What you need to do – Please retype the records below exactly as they appear, but leave out the pictures.

Extracted data entries

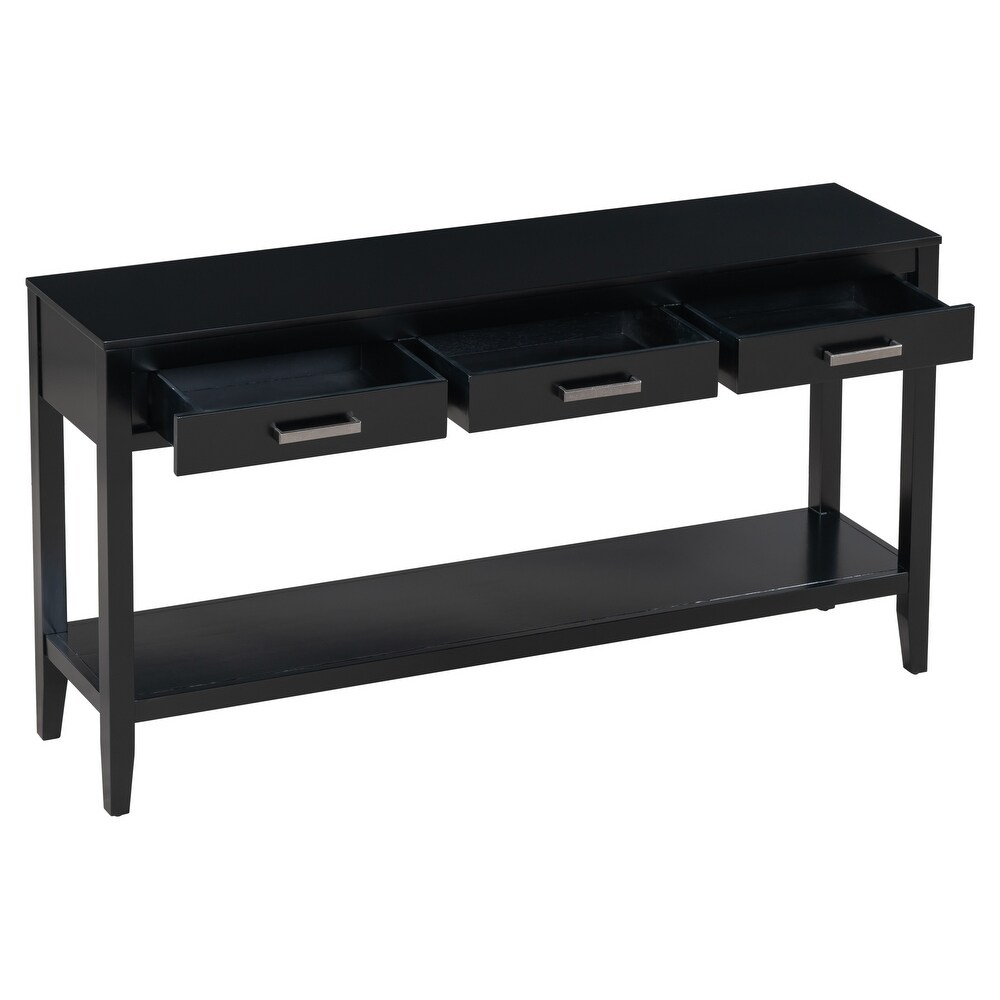 Modern Console Table  Sofa Table with 3 Drawer and 1 Shelf  Entrance Table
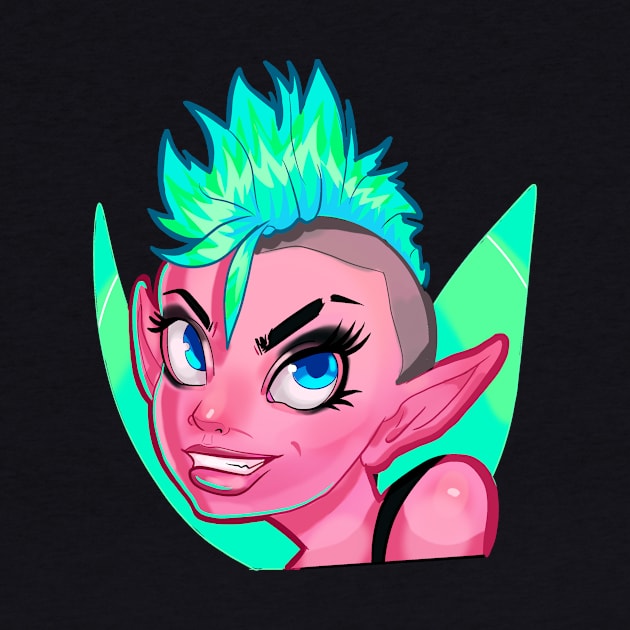 PIXIEGUTS logo | Punk Pixie Design by GeorgiaGoddard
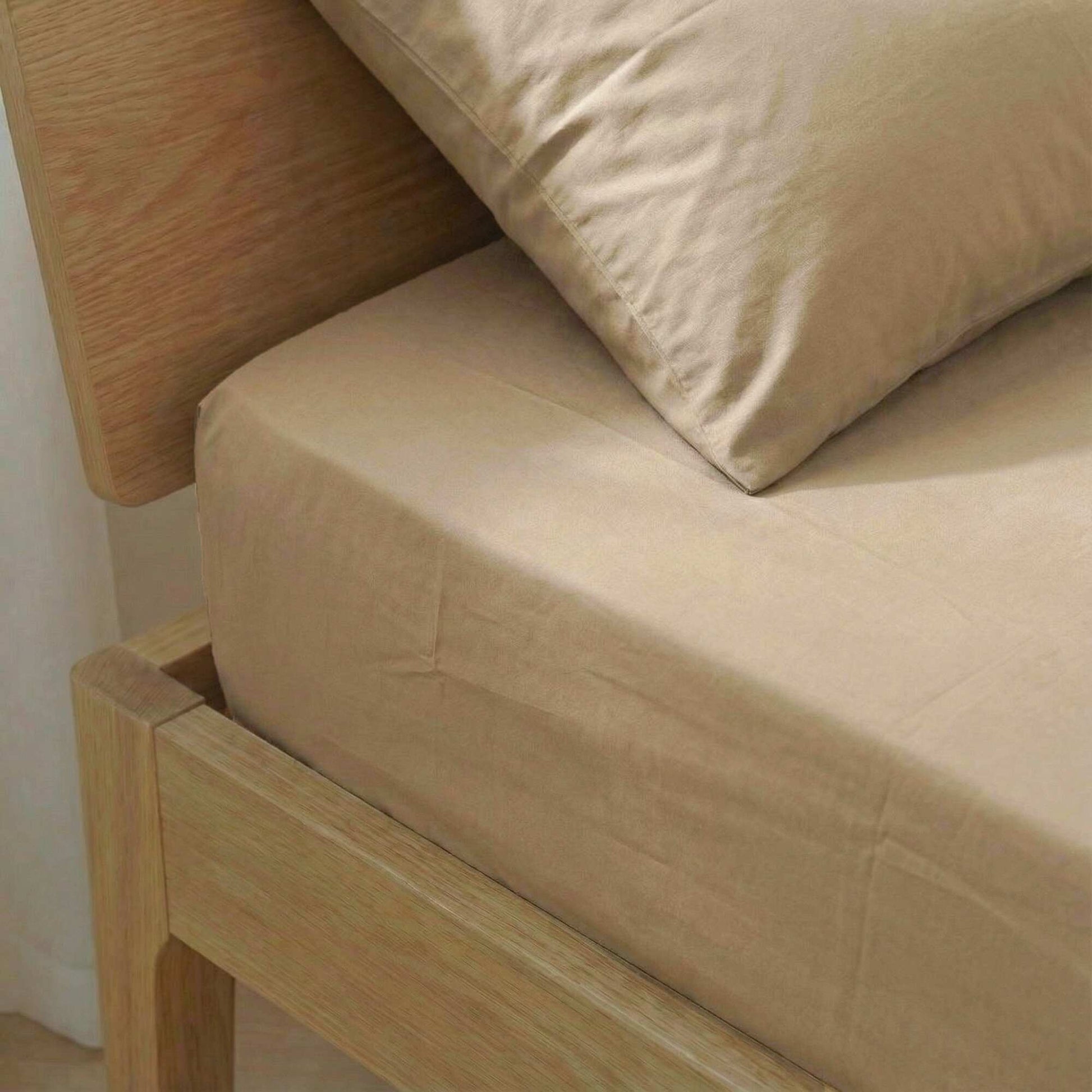 Çarçaf Pambuku 160 x 200cm për Krevat Dopio - Kiabi Home 
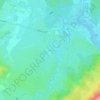 Mapa topográfico Tarrieu, altitude, relevo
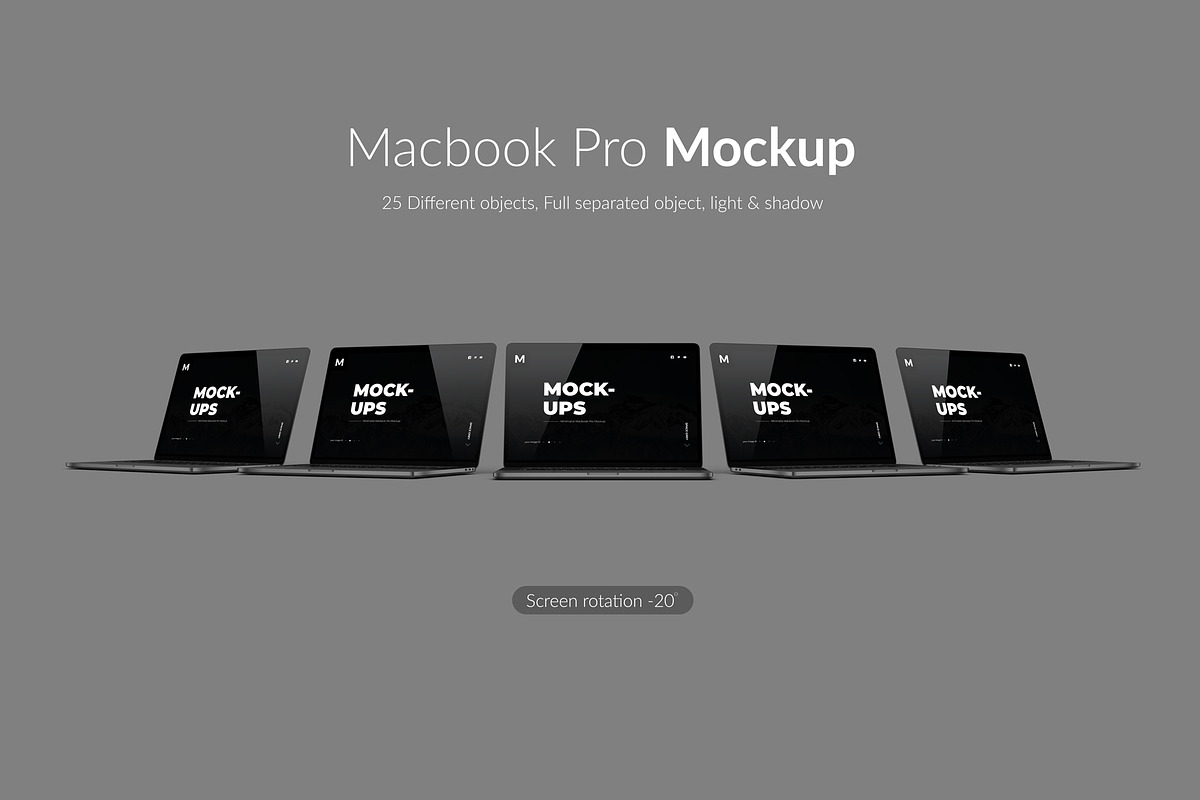 Macbook Mockup Packs, a Mac Mockup by Mockup Supper (Photo 4 of 8)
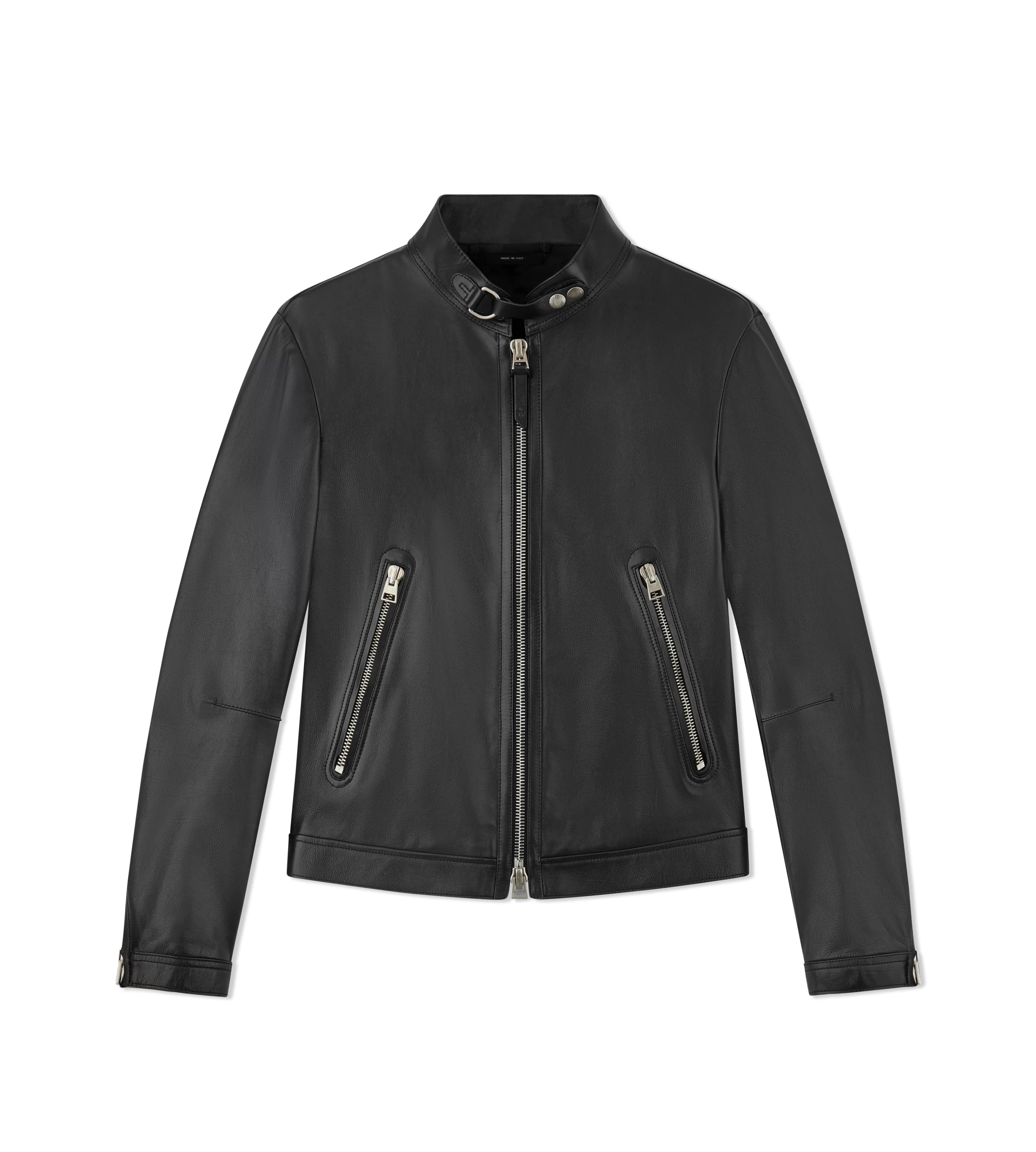 TOM FORD SOFT LEATHER CAFE BIKER BLACK^MEN Outerwear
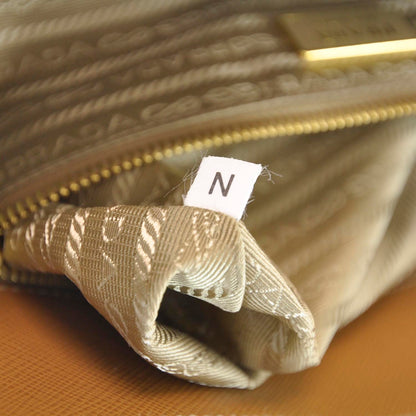 Prada Saffiano Lux Large Tote Caramel 11 of 11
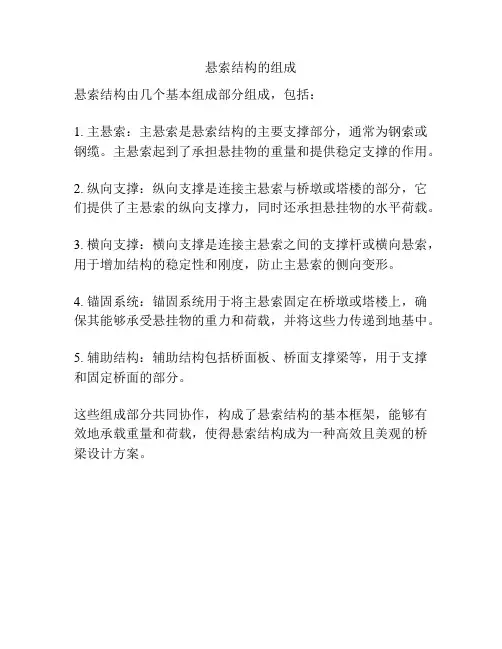 悬索结构的组成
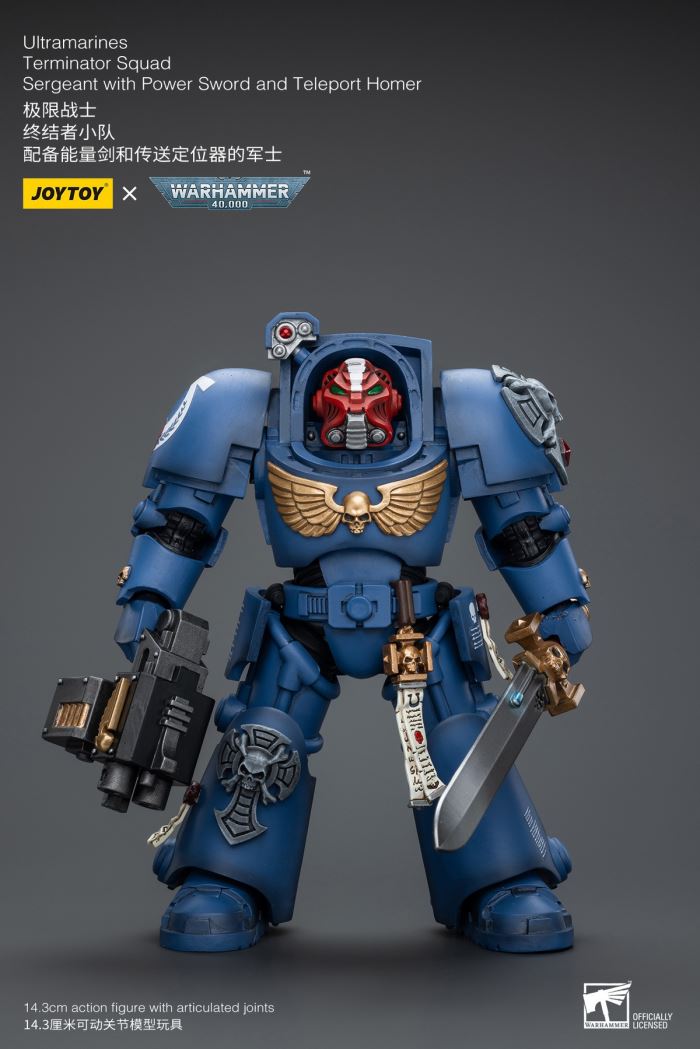 Ultramarines-Terminator Armor Think Tank/Terminator Captain Agyman/Team 3-person group 1/18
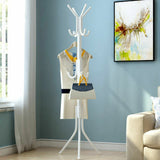 3-Tier Hat Clothes Rack Metal 12 Hook Coat Hanger Stand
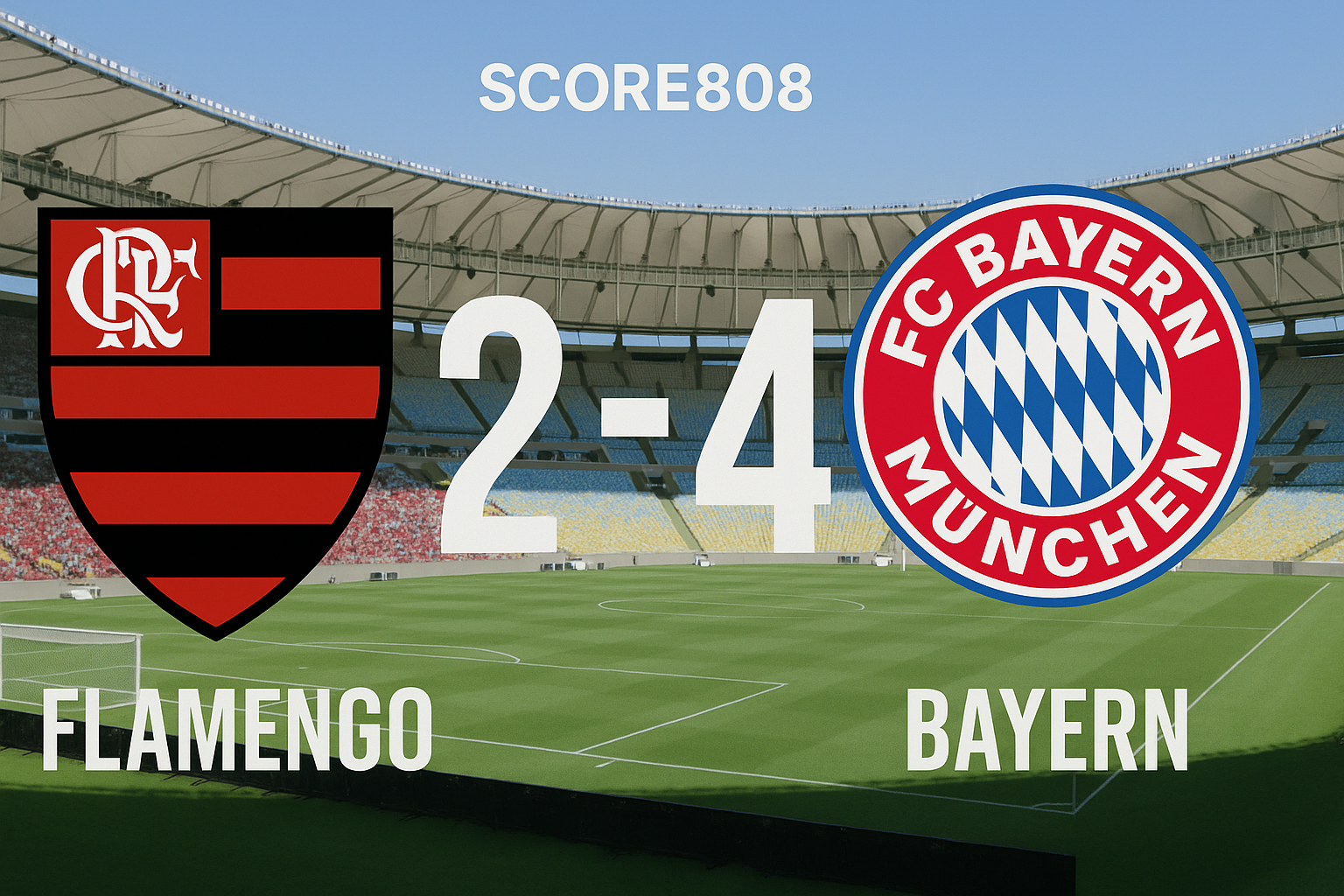 Flamengo vs Bayern 2-4 : Hasil FIFA Club World Cup 2025 Tadi Pagi Lengkap di SCORE808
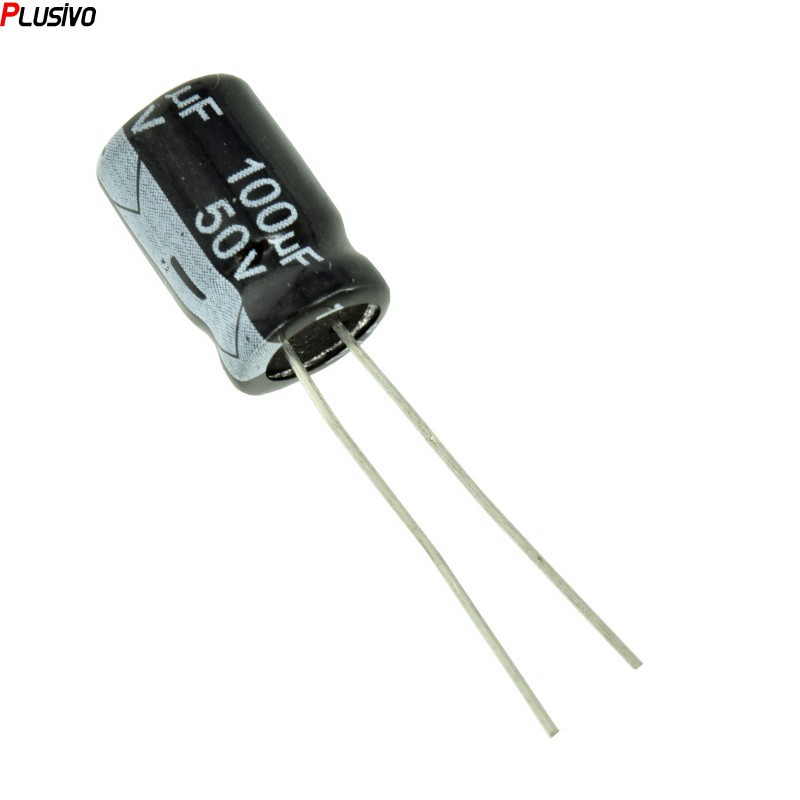 10 pcs Electrolytic Capacitor 100 uF, 50 V 8 x 12 mm | Shopee Philippines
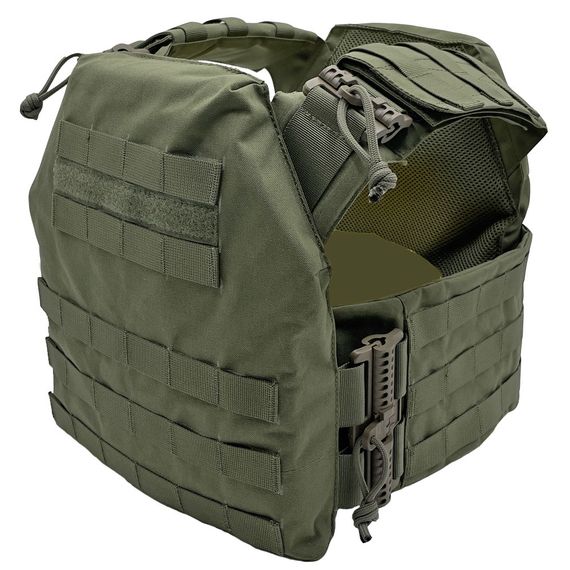 Плитоноска Plate Carrier зі швидким скиданням Cordura 600 D Олива (olive)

Answer box –
 Modern Console Table  Sofa Table with 3 Drawer and 1 Shelf  Entrance Table
 PIXIEGUTS logo | Punk Pixie Design by GeorgiaGoddard
 Çarçaf Pambuku 160 x 200cm për Krevat Dopio - Kiabi Home 
 Mapa topográfico Tarrieu, altitude, relevo
 Macbook Mockup Packs, a Mac Mockup by Mockup Supper (Photo 4 of 8)
 TOM FORD SOFT LEATHER CAFE BIKER BLACK^MEN Outerwear
 Prada Saffiano Lux Large Tote Caramel 11 of 11
 悬索结构的组成
 Ultramarines-Terminator Armor Think Tank/Terminator Captain Agyman/Team 3-person group 1/18
 3-Tier Hat Clothes Rack Metal 12 Hook Coat Hanger Stand
 Flamengo vs Bayern 2-4 : Hasil FIFA Club World Cup 2025 Tadi Pagi Lengkap di SCORE808
 10 pcs Electrolytic Capacitor 100 uF, 50 V 8 x 12 mm | Shopee Philippines
 Плитоноска Plate Carrier зі швидким скиданням Cordura 600 D Олива (olive)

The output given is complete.